In some situations, a value can be implicitly cast to a VARIANT value. For details, see Data type conversion.
The sample code below shows how to use a VARIANT value, including how to convert from a VARIANT value and to a VARIANT value.
Create a table and insert a value:
CREATE OR REPLACE TABLE varia (float1 FLOAT, v VARIANT, float2 FLOAT);
INSERT INTO varia (float1, v, float2) VALUES (1.23, NULL, NULL);
The first UPDATE converts a value from a FLOAT value to a VARIANT value. The second UPDATE converts a VARIANT value to a FLOAT value.
UPDATE varia SET v = TO_VARIANT(float1); -- converts from a FLOAT value to a VARIANT value.
UPDATE varia SET float2 = v::FLOAT; -- converts from a VARIANT value to a FLOAT value.
SELECT all the values:
SELECT * FROM varia;
+--------+-----------------------+--------+
| FLOAT1 | V | FLOAT2 |
|--------+-----------------------+--------|
| 1.23 | 1.230000000000000e+00 | 1.23 |
+--------+-----------------------+--------+
As shown in the previous example, to convert a value from the VARIANT data type, cast the VARIANT value to the
target data type. For example, the following statement uses the ::
operator to convert the VARIANT
to a FLOAT:
SELECT my_variant_column::FLOAT * 3.14 FROM ...;
VARIANT data stores both the value and the data type of the value. Therefore, you can use VARIANT values in expressions where the
value’s data type is valid without first casting the VARIANT. For example, if VARIANT column my_variant_column
contains a
numeric value, then you can directly multiply my_variant_column
by another numeric value:
SELECT my_variant_column * 3.14 FROM ...;
You can retrieve the value’s native data type by using the TYPEOF function.
By default, when VARCHAR, DATE, TIME, and TIMESTAMP values are retrieved from a VARIANT column, the values are surrounded by double quotes. You can eliminate the double quotes by explicitly casting the values to the underlying data types (e.g. from VARIANT to VARCHAR). For example:
SELECT 'Sample', 'Sample'::VARIANT, 'Sample'::VARIANT::VARCHAR;
+----------+-------------------+----------------------------+
| 'SAMPLE' | 'SAMPLE'::VARIANT | 'SAMPLE'::VARIANT::VARCHAR |
|----------+-------------------+----------------------------|
| Sample | "Sample" | Sample |
+----------+-------------------+----------------------------+
A VARIANT value can be missing (contain SQL NULL), which is different from a VARIANT null value, which is a real value used to represent a null value in semi-structured data. VARIANT null is a true value that compares as equal to itself. For more information, see VARIANT null.
If data was loaded from JSON format and stored in a VARIANT column, then the following considerations apply:
For data that is mostly regular and uses only native JSON types (such as strings and numbers), the performance is very similar for storage and query operations on relational data and data in a VARIANT column.

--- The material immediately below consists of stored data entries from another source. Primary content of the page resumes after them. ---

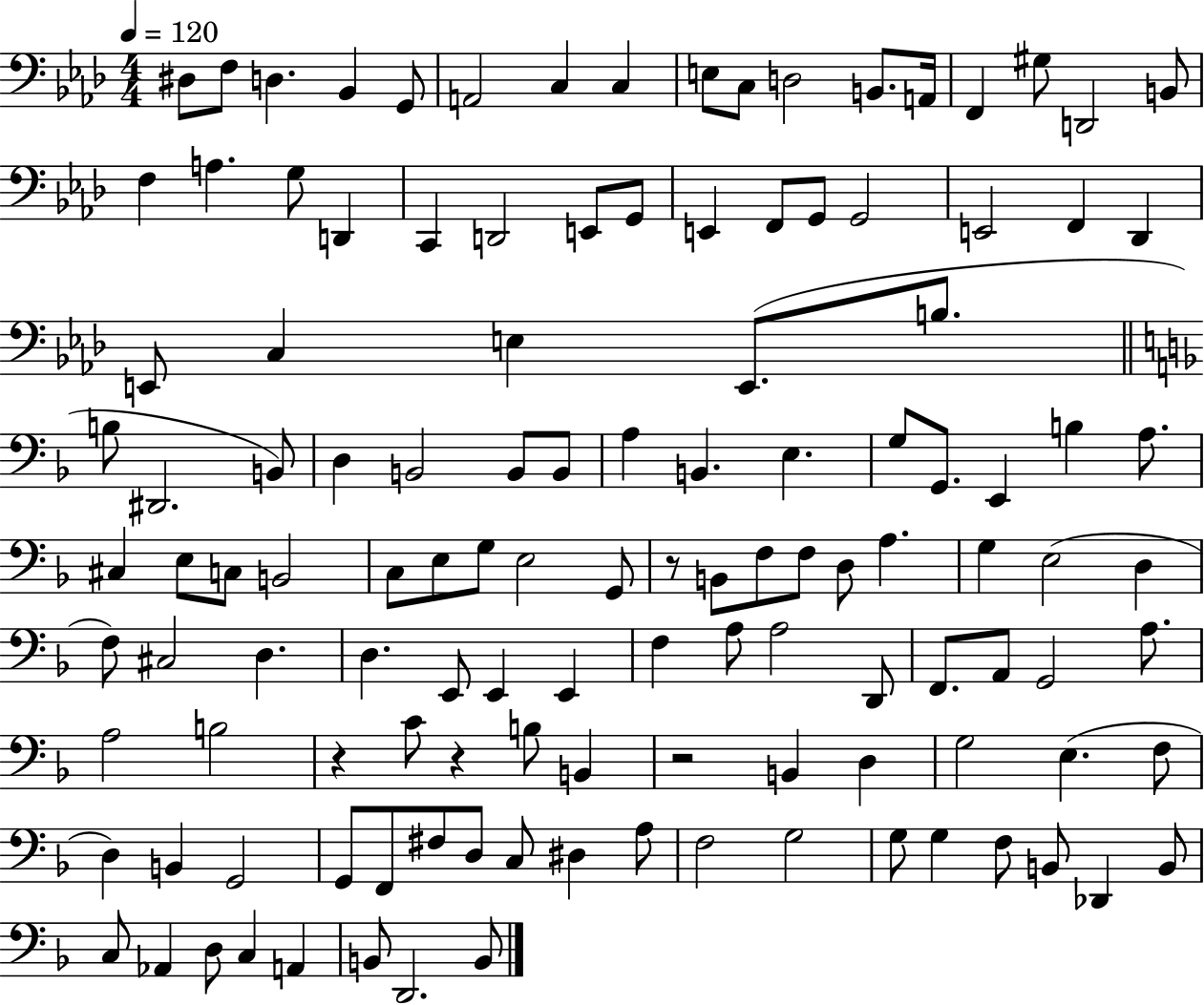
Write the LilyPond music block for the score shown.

{
  \clef bass
  \numericTimeSignature
  \time 4/4
  \key aes \major
  \tempo 4 = 120
  \repeat volta 2 { dis8 f8 d4. bes,4 g,8 | a,2 c4 c4 | e8 c8 d2 b,8. a,16 | f,4 gis8 d,2 b,8 | \break f4 a4. g8 d,4 | c,4 d,2 e,8 g,8 | e,4 f,8 g,8 g,2 | e,2 f,4 des,4 | \break e,8 c4 e4 e,8.( b8. | \bar "||" \break \key f \major b8 dis,2. b,8) | d4 b,2 b,8 b,8 | a4 b,4. e4. | g8 g,8. e,4 b4 a8. | \break cis4 e8 c8 b,2 | c8 e8 g8 e2 g,8 | r8 b,8 f8 f8 d8 a4. | g4 e2( d4 | \break f8) cis2 d4. | d4. e,8 e,4 e,4 | f4 a8 a2 d,8 | f,8. a,8 g,2 a8. | \break a2 b2 | r4 c'8 r4 b8 b,4 | r2 b,4 d4 | g2 e4.( f8 | \break d4) b,4 g,2 | g,8 f,8 fis8 d8 c8 dis4 a8 | f2 g2 | g8 g4 f8 b,8 des,4 b,8 | \break c8 aes,4 d8 c4 a,4 | b,8 d,2. b,8 | } \bar "|."
} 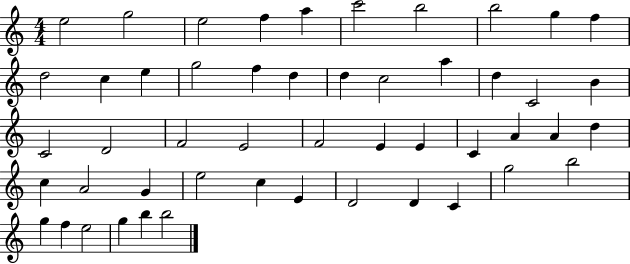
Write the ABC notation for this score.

X:1
T:Untitled
M:4/4
L:1/4
K:C
e2 g2 e2 f a c'2 b2 b2 g f d2 c e g2 f d d c2 a d C2 B C2 D2 F2 E2 F2 E E C A A d c A2 G e2 c E D2 D C g2 b2 g f e2 g b b2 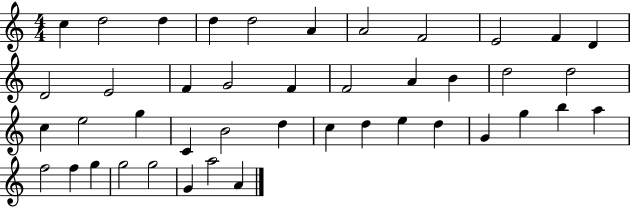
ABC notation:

X:1
T:Untitled
M:4/4
L:1/4
K:C
c d2 d d d2 A A2 F2 E2 F D D2 E2 F G2 F F2 A B d2 d2 c e2 g C B2 d c d e d G g b a f2 f g g2 g2 G a2 A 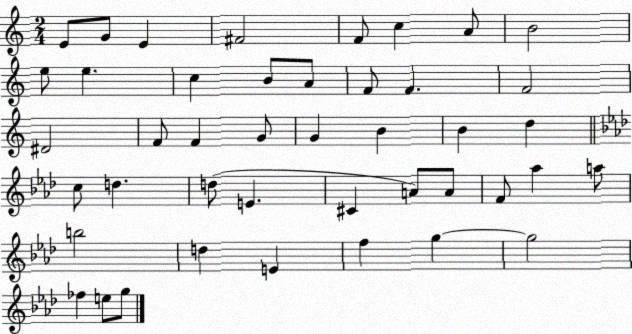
X:1
T:Untitled
M:2/4
L:1/4
K:C
E/2 G/2 E ^F2 F/2 c A/2 B2 e/2 e c B/2 A/2 F/2 F F2 ^D2 F/2 F G/2 G B B d c/2 d d/2 E ^C A/2 A/2 F/2 _a a/2 b2 d E f g g2 _f e/2 g/2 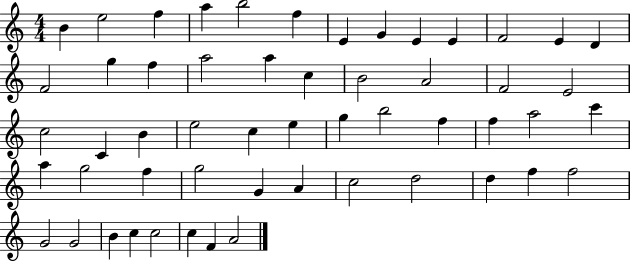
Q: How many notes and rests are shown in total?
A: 54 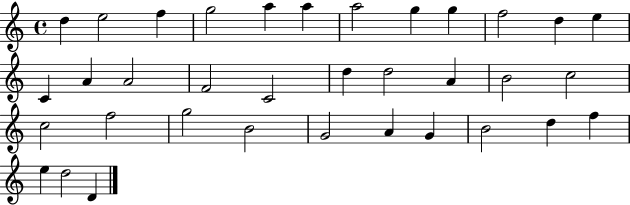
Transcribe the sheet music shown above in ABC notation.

X:1
T:Untitled
M:4/4
L:1/4
K:C
d e2 f g2 a a a2 g g f2 d e C A A2 F2 C2 d d2 A B2 c2 c2 f2 g2 B2 G2 A G B2 d f e d2 D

For non-native data (such as dates and timestamps), the values are stored as strings when loaded into a VARIANT column. Therefore, operations on these values could be slower and also consume more space than when stored in a relational column with the corresponding data type.
For more information about using the VARIANT data type, see Considerations for Semi-structured Data Stored in VARIANT.
For more information about querying semi-structured data stored in a VARIANT column, see Querying Semi-structured Data.
Common uses for VARIANT data¶
VARIANT data is typically used when:
You want to create hierarchical data by explicitly defining a hierarchy that contains two or more ARRAYs or OBJECTs.
You want to load JSON, Avro, ORC, or Parquet data directly, without explicitly describing the hierarchical structure of the data.
Snowflake can convert data from JSON, Avro, ORC, or Parquet format to an internal hierarchy of ARRAY, OBJECT, and VARIANT data and store that hierarchical data directly in a VARIANT value. Although you can manually construct the data hierarchy yourself, it is usually easier to let Snowflake do it for you.
For more information about loading and converting semi-structured data, see Loading Semi-structured Data.
OBJECT¶
A Snowflake OBJECT value is analogous to a JSON “object”. In other programming languages, the corresponding data type is often called a “dictionary,” “hash,” or “map”.
An OBJECT value contains key-value pairs.
Characteristics of an OBJECT value¶
In Snowflake semi-structured OBJECT data, each key is a VARCHAR, and each value is a VARIANT value.
Because a VARIANT value can store a value of any other data type, different VARIANT values (in different key-value pairs) can have different underlying data types. For example, an OBJECT value can hold a person’s name as a VARCHAR value and a person’s age as an INTEGER value. In the following example, both the name and the age are cast to VARIANT values.
SELECT OBJECT_CONSTRUCT(
'name', 'Jones'::VARIANT,
'age', 42::VARIANT);
The following considerations apply to OBJECT data:
Currently, Snowflake does not support explicitly-typed objects.
In a key-value pair, the key should not be an empty string, and neither the key nor the value should be NULL.
The maximum length of an OBJECT value is 16 MB.
An OBJECT value can contain semi-structured data.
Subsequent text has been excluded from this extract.